# Fun with Worm-Gear drives



## Brian Rupnow (Apr 6, 2014)

A couple of months ago, I seen on one of the forums I visit that someone had cut a worm gear by mounting a tap in the chuck of a lathe and letting an aluminum blank rotate against the rotating tap. The tap caused the blank to revolve, and with some pressure from the cross feed on the lathe actually cut "teeth" into the blank. There is still 20" of snow outside (although it is melting ) so I decided to play inside today and try this for myself. First I turned a blank to an arbitrary 1.25" outer diameter x 7/16" thick.

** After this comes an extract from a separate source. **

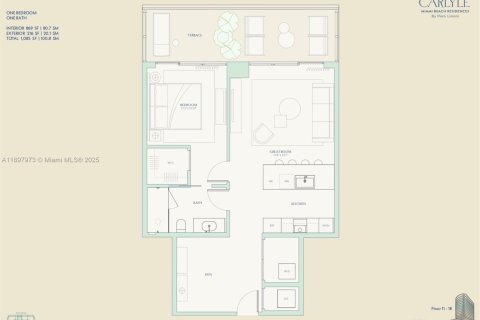 Copropriété à vendre à Miami Beach, Floride: 1 chambre, 80.73 m2 № 1952451 - photo 15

Then I made a holder to mount it in with a piece of 5/16" cold rolled steel for an "axle", and this in turn was mounted into one of the tool=holders for my AXA toolpost.


----------



## Brian Rupnow (Apr 6, 2014)

I then mounted a 3/8"-16 tap in the chuck of my lathe, set the lathe on its lowest speed, and centered (well, I thought I had centered) the blank on the centerline of the tap, and then began to turn the crossfeed handle until the blank touched the rotating tap and began to rotate with it. I would feed about .010", then let it rotate for a couple of minutes, then feed in another 0.010". I didn't know what my limiting factors would be, and I didn't want to break the tap, so when I thought that the newly cut "gashes" (can't really call them teeth) were deep enough I stopped..


----------



## Brian Rupnow (Apr 6, 2014)

As you can see in this picture, the blank wasn't centered as well as I thought it was in relation to the tap, but since this was only a "Try it and see" exercise, I wasn't terribly upset by the fact.


----------



## Brian Rupnow (Apr 6, 2014)

I then turned one end of a piece of 3/8"-16 threaded rod down to 1/4" diameter and made up a small bearing block for the 1/4" diameter to ride in, and mounted a pulley on the other end of the threaded rod. Through good luck and multiple measurements, the 3/8" threaded rod now meshed with the "gashes" cut into the side of the blank.


----------



## Brian Rupnow (Apr 6, 2014)

I set this all up in my mill vice, and put a stub arbor with a small pulley on it in the mill chuck, and connected the two pulleys with a 1/8" rubber o-ring drive belt. Since it is difficult to see a plain piece of aluminum rotating, I had made a number of marks around the side of the "worm wheel" so that it is more visible when it is rotating. It works!!! In fact, it works very well. I don't think I would want to drive anything important with it, but it does work, and would probably be fine for something "model size" that required this type of mechanism. Check out the video.---Brian


----------



## Brian Rupnow (Apr 6, 2014)

This is the same video, on Youtube.
[ame]https://www.youtube.com/watch?v=JZYwmKU70gA&feature=youtu.be[/ame]


----------



## chucketn (Apr 6, 2014)

Very interesting, Brian. This could lead to a serious gear reduction drive.
Thanks for posting.

Chuck


----------



## cwelkie (Apr 7, 2014)

Hi Brian - glad the snow is melting - think I'll have to cut the lawn this weekend 

You've described how I made the worm drive reduction for the oil pump on my Gnome. We'll see how it goes for longevity but it was an easy way to do what looked like a difficult thing at first.

Charlie


----------



## Philjoe5 (Apr 7, 2014)

Very cool Brian and Charlie.  It would be an easy way to make a nice speed reducer.

Cheers,
Phil


----------



## OrangeAlpine (Apr 10, 2014)

Brian, were you able to accurately predict the number of teeth?  I made a 72 tooth wheel using that general technique, but took a few tries to get exactly what I wanted, both in shape/depth and number of teeth.  Needed a lot of "Kentucky Windage" to get the correct number of teeth.

Bill


----------



## Brian Rupnow (Apr 11, 2014)

No, I didn't even try. I just started with a 1.25" dia. blank and let the spacing of the gashes work itself out.


----------



## OrangeAlpine (Apr 11, 2014)

Wise man.

Bill


----------